Descritte le caratteristiche, occorre comprendere quali saranno gli impatti che potrà produrre l’Industria 5.0. Innanzitutto, rileva la Commissione Europea, una delle più importanti transizioni paradigmatiche che caratterizzano il modello 5.0 è lo spostamento dell’attenzione dal progresso guidato dalla tecnologia a un approccio human-centric. Questo significa non lasciare indietro nessuno e consegue una serie di implicazioni, relative a un ambiente di lavoro sicuro, al rispetto dei diritti umani e alle competenze richieste per i lavoratori.

Una delle paure associate all’adozione delle nuove tecnologie è la perdita di posti di lavoro. Tuttavia, se applicate correttamente, il progresso tecnologico e le soluzioni dedicate permettono potenzialmente di rendere i luoghi di lavoro più inclusivi e più sicuri per i lavoratori, oltre ad aumentare la loro soddisfazione sul lavoro e il loro benessere. I dati Eurostat sugli incidenti sul posto di lavoro indicano che i primi tre settori in cui si verificano incidenti sono proprio quelli in cui i compiti pericolosi e faticosi dei lavoratori potrebbero essere automatizzati con relativa facilità. I robot potrebbero gestire una serie di compiti ripetitivi e più semplici, contribuendo a contare su ambienti lavorativi più sicuri. Il potenziale della tecnologia robotica è lungi dall’essere esaurito, specialmente quando è alimentata dall’intelligenza artificiale. Le tecnologie basate sull’AI, così come gli strumenti di realtà virtuale e aumentata, possono essere utilizzati per guidare il lavoratore a svolgere compiti più specializzati, che altrimenti richiedono competenze e formazione specifiche. Questo potrebbe anche aprire opportunità per introdurre più persone con capacità mentali ridotte nell’ambiente di lavoro.

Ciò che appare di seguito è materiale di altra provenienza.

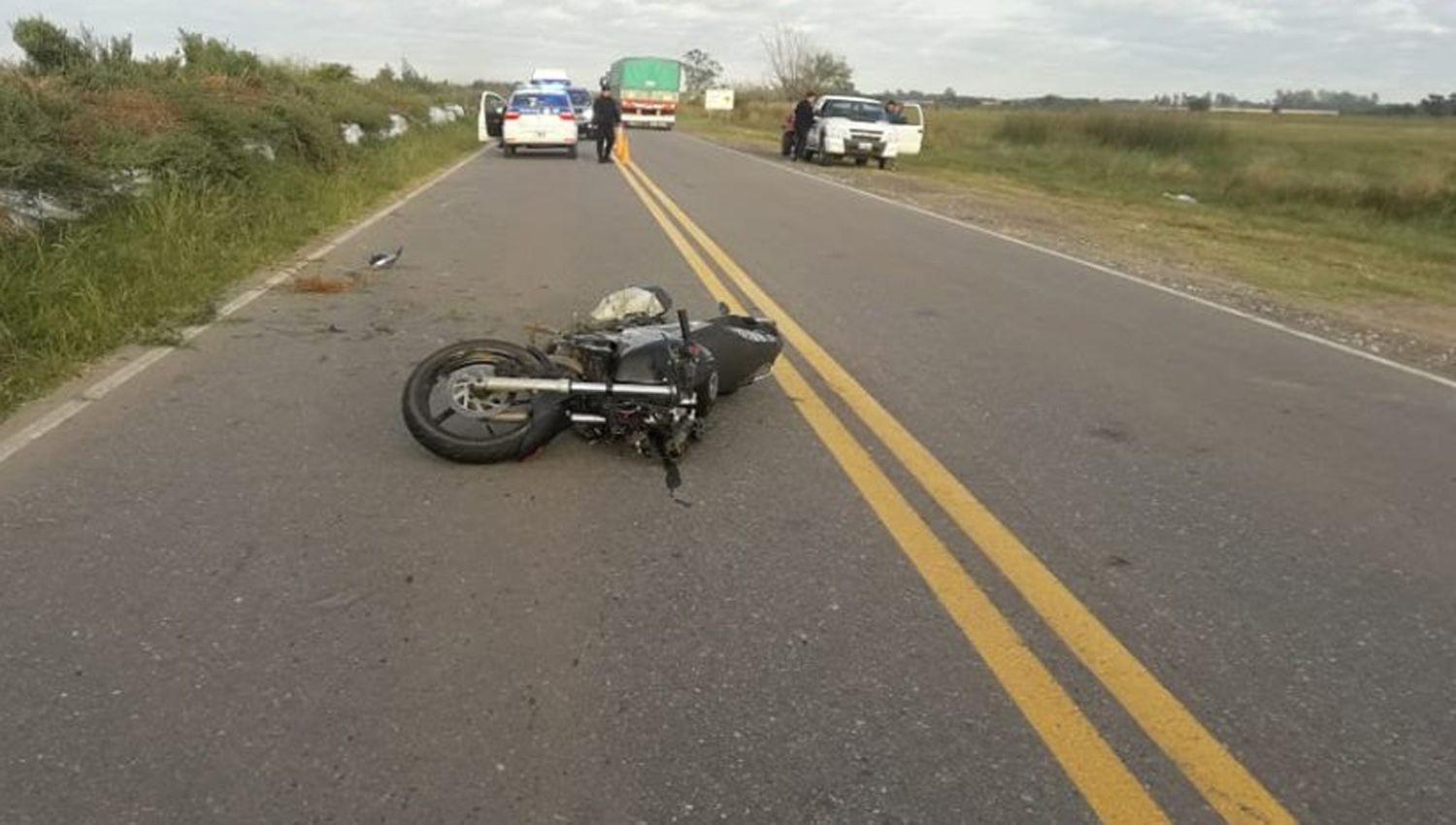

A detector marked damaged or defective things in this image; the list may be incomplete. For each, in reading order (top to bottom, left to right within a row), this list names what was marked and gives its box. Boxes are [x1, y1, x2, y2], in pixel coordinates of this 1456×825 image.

crashed motorcycle [400, 285, 788, 462] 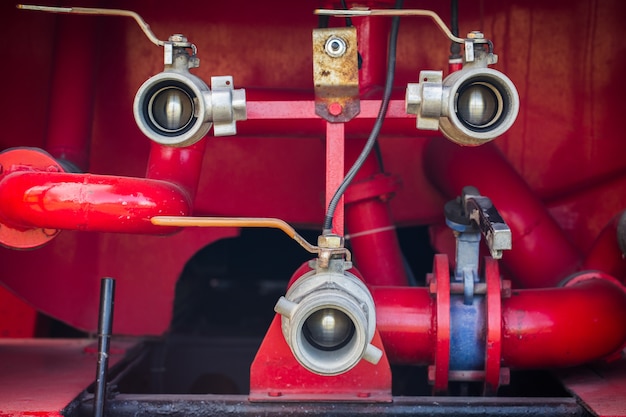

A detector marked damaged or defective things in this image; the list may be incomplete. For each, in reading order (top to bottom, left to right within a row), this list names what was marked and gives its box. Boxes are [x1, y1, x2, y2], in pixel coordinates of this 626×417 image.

rusty metal bracket [312, 26, 360, 122]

L’industria 5.0 avvantaggia tanto i lavoratori quanto le aziende. I benefici per l’industria sono ampi, e vanno da una migliore attrazione dei talenti, al risparmio energetico, all’aumento della resilienza generale. Il beneficio complessivo per l’industria europea è a lungo termine: competitività e rilevanza continua adattandosi con successo a un mondo che cambia oltre che a nuovi mercati. “Nel breve termine, gli investimenti richiesti potrebbero esporre le industrie europee al rischio di perdere temporaneamente competitività rispetto a quelle che non investono ancora in Industria 5.0. Sarà cruciale temporizzare a fondo e coordinare gli investimenti, al fine di mitigare questo rischio. Tuttavia, crediamo che i rischi maggiori per l’industria si materializzerebbero se non ci si impegnasse nella più ampia transizione della società verso la sostenibilità, la centralità dell’uomo e la resilienza, perdendo così competitività nel lungo periodo” è la conclusione della Commissione UE.